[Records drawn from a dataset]
════════════════════

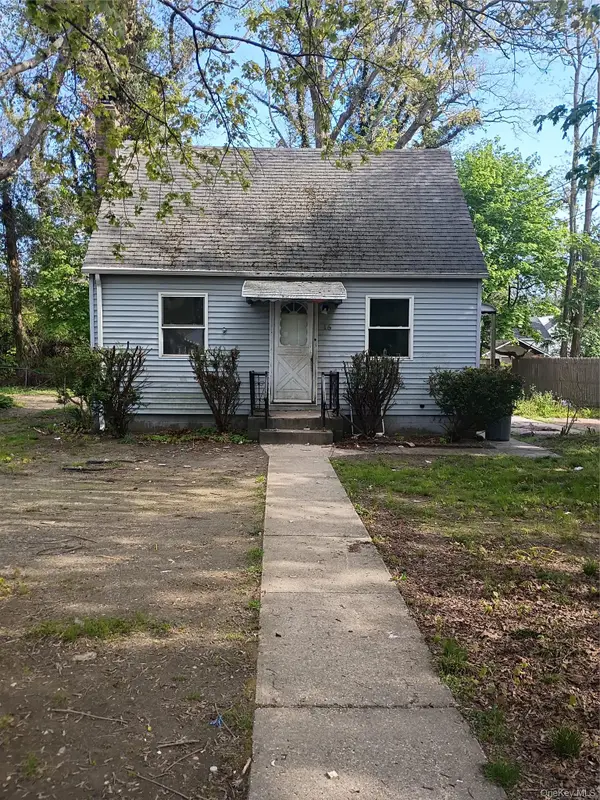 16 Neighborhood Road, Mastic Beach, NY 11951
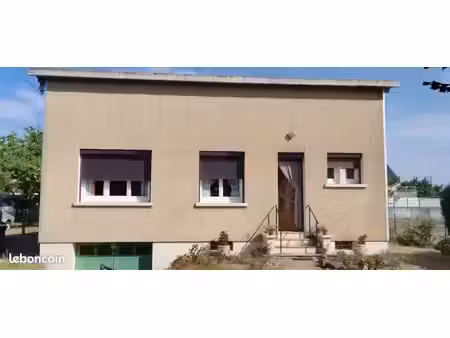 maison . 4 pièces . 68 m²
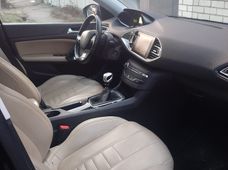 Продаж вживаних Peugeot 308 в Харківській області - купити на Автобазарі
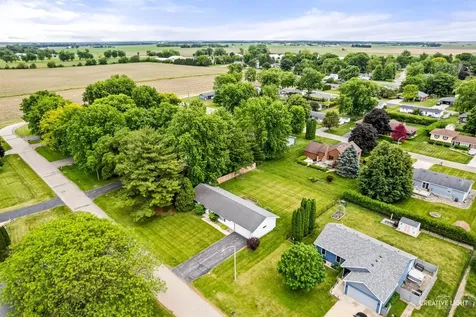 285 East Legner Street Leland IL 60531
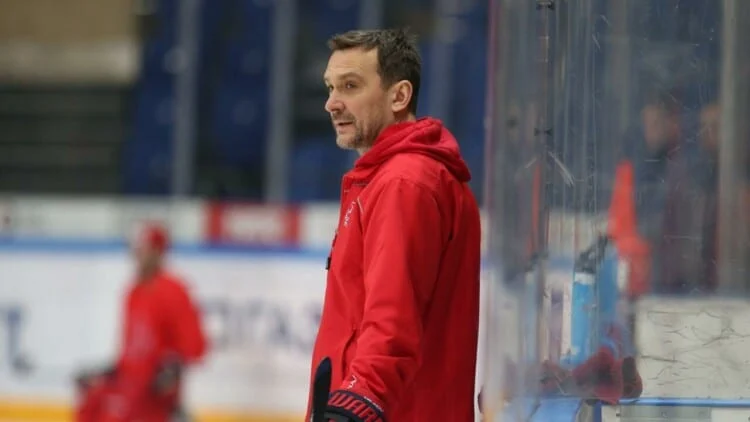 Bijušais Latvijas izlases vārtsargs un treneris izpelnās vietu NHL klubā
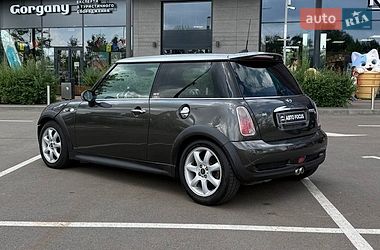 Хэтчбек MINI Cooper 2005 в Киеве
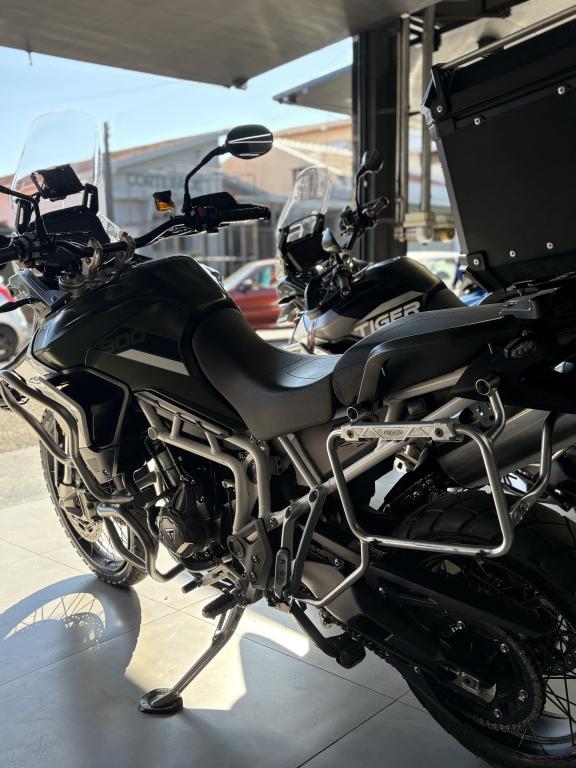 TRIUMPH Tiger 900 - Foto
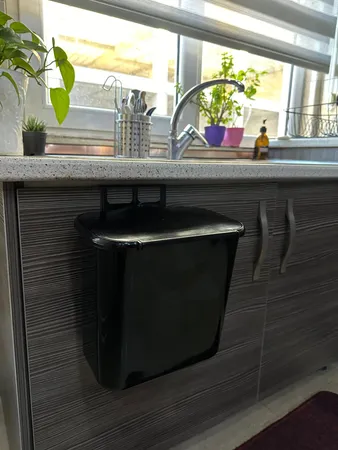 سطل زباله کابینتی کد 108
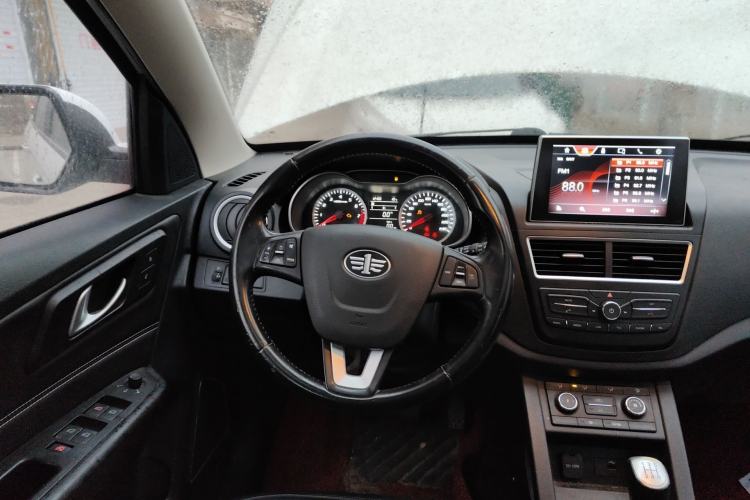 Used Bestune X40 2018 Internet Celebrity Edition 1.6L Manual Luxury Version Steering Wheel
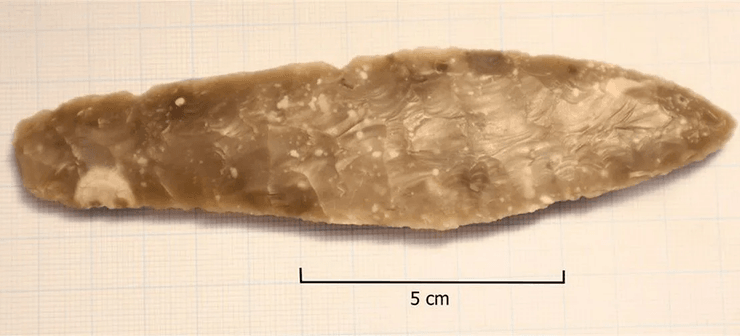 Кинжал, камень, находка, реликвия, артефакт,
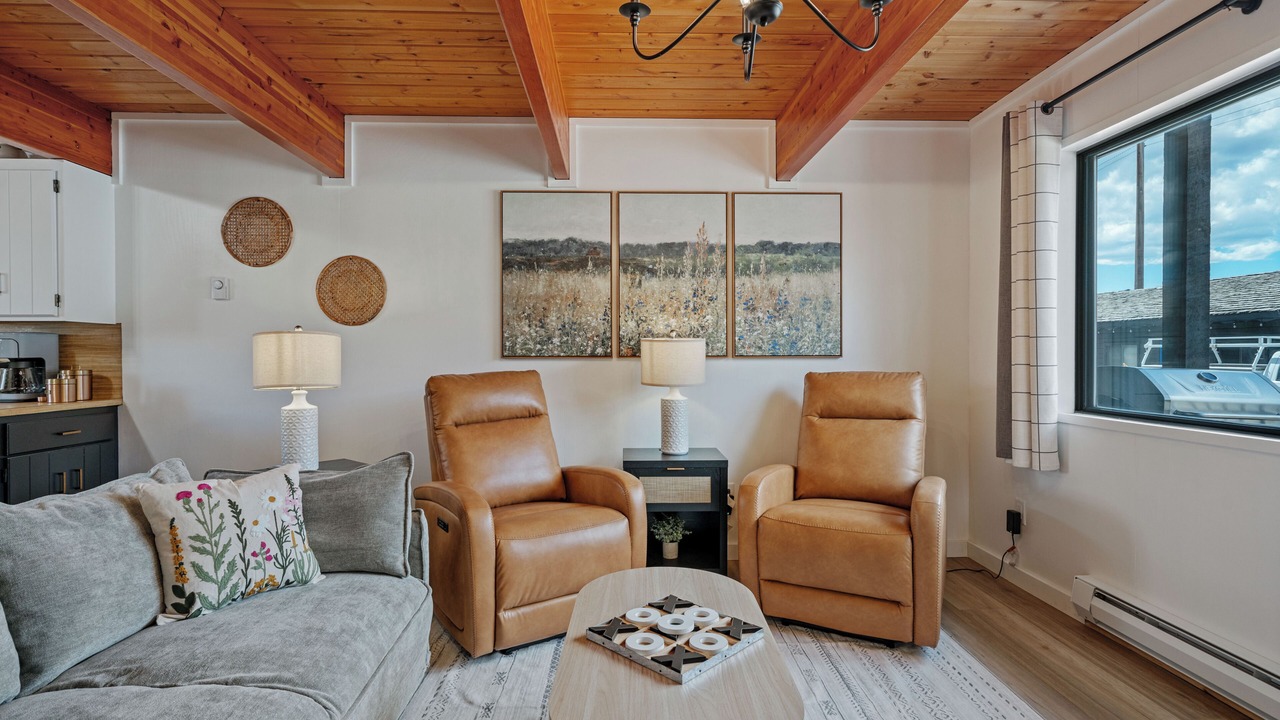 Photo of Livingroom in West Yellowstone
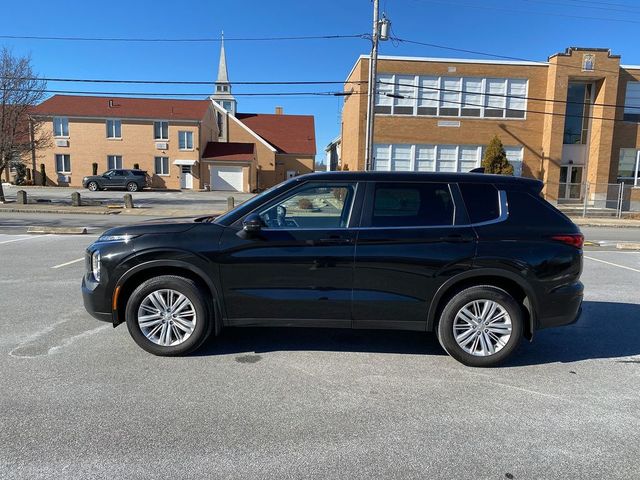 2022 Mitsubishi Outlander ES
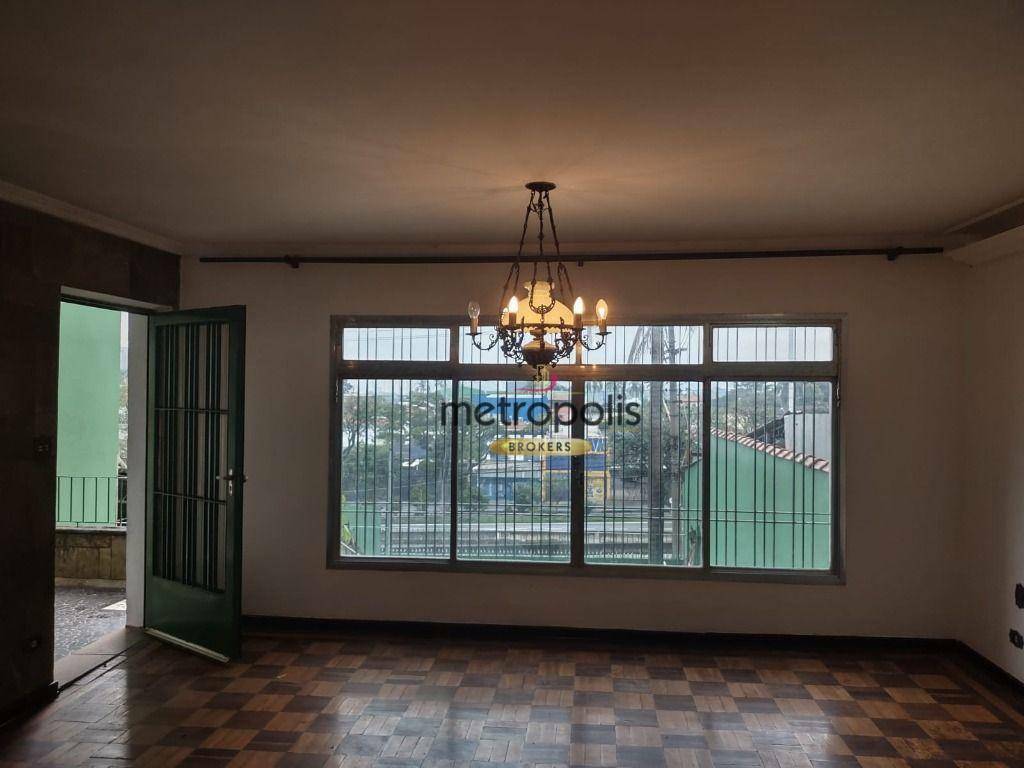 Sobrado à venda com 3 quartos, 298m² - Foto 1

════════════════════

:: ASSIGNMENT ::
Beginning with the line that contains "Хэтчбек MINI Cooper 2005 в Киеве" and ending with the final line of the entries, every line must be copied exactly; the pictures must not.

:: EXERCISE OUTPUT ::
 Хэтчбек MINI Cooper 2005 в Киеве
 TRIUMPH Tiger 900 - Foto
 سطل زباله کابینتی کد 108
 Used Bestune X40 2018 Internet Celebrity Edition 1.6L Manual Luxury Version Steering Wheel
 Кинжал, камень, находка, реликвия, артефакт,
 Photo of Livingroom in West Yellowstone
 2022 Mitsubishi Outlander ES
 Sobrado à venda com 3 quartos, 298m² - Foto 1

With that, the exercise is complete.